America’s Strongest Housing Markets

Aug 4th, 2010 | By businessnews | Category: Business


Home prices should begin an uneven rebound next year, says a forecast compiled for Businessweek.com by Fiserv and Moody’s Economy.com

By
Venessa Wong

At some point, everything stops falling. Sometimes things hit bottom with a bone-crunching thud and just lay there in a heap. Sometimes they bounce back up at least part of the way. The U.S. housing market is in the latter camp.

While it’s unlikely that U.S. home prices will return at any time soon to the highs of the bubble years, some local markets are showing resiliency. Even more encouraging, the forecast in numerous regions across the country is for a healthy recovery by 2014.

While four years may seem too distant to offer many U.S. homeowners much reassurance, the outlook could be worse. Taking into consideration such factors as employment, foreclosure rates, income growth, demographic trends, and construction costs, Moody’s Economy.com and Brookfield (Wisc.)-based financial services industry information firm Fiserv (FISV) estimate that by 2014, U.S. home prices will be 7.2 percent above 2010 levels, with the strongest growth in the Pacific Northwest.

In the short term, the waning impact of the first-time homebuyer tax credit and increasing foreclosure activity will keep the housing market anemic in most places. Fiserv and Moody’s expect U.S. home prices to decline a further 4 percent before reaching a trough early next year, by which time prices will have fallen 32.9 percent from the peak levels of 2006.

promising gains—as some markets drop

“Prices have been falling for four to five years now,” says David Stiff, Fiserv’s chief economist. “Hopefully the labor market will be making more steady improvements by next year.”

Already housing has shown some subtle signs of stabilization. In the first quarter, U.S. single-family home prices rose an average of 2 percent year-on-year—the first national gain since 2006—according to the Fiserv Case-Shiller Indexes. The trend is promising, with the increase driven by homebuyer tax credits and gains in such traditionally strong markets as San Francisco and Washington, D.C. says Fiserv. Still, prices in already battered markets continued to fall: Detroit, Las Vegas, and many Florida markets experienced double-digit drops.

Stiff says he expects to see home prices bounce up and down near their lows for the next two to three years, especially in the markets that experienced the largest price bubbles.

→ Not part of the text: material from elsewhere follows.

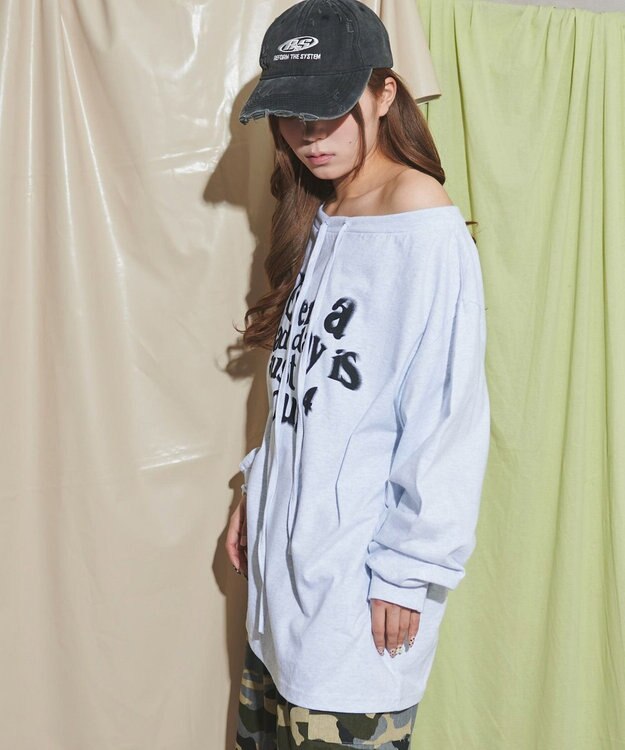 WEGO ドローストリングロゴオフショル 杢グレー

The most robust market in the forecast is Washington State’s Bremerton-Silverdale area, a quiet naval community across the Puget Sound from Seattle. Home sales and new construction in the area have slowed in 2010, but Fiserv and Moody’s Economy.com expect prices there to shoot up by a total of 44.7 percent over the next four years—9.7 percent annually—the highest forecast among 384 metropolitan statistical areas surveyed nationwide. Price levels have fallen about 21 percent from 2007 peak levels, according to the Fiserv Case-Shiller Indexes.

Bremerton-Silverdale: Less distress

One factor setting Bremerton-Silverdale apart has been a stronger economy than the rest of the U.S., says Stiff. The unemployment rate in the area is 7.2 percent, compared to 9.5 percent nationally, according to June data from the U.S. Bureau of Labor Statistics. Bremerton’s military demographic has helped to sustain employment. The Naval Base Kitsap and the Puget Sound Naval Shipyard provide numerous local jobs, says Ken LeMay, a real estate broker in Kitsap County, which includes the Bremerton-Silverdale area.

Stiff adds that while the area has a large number of foreclosure and pre-foreclosure homes, the market is less dominated by distressed sales than many other markets. In May, foreclosure resales made up about 12 percent of sales in Bremerton, compared to 19 percent in the U.S. as a whole, according to Zillow.com.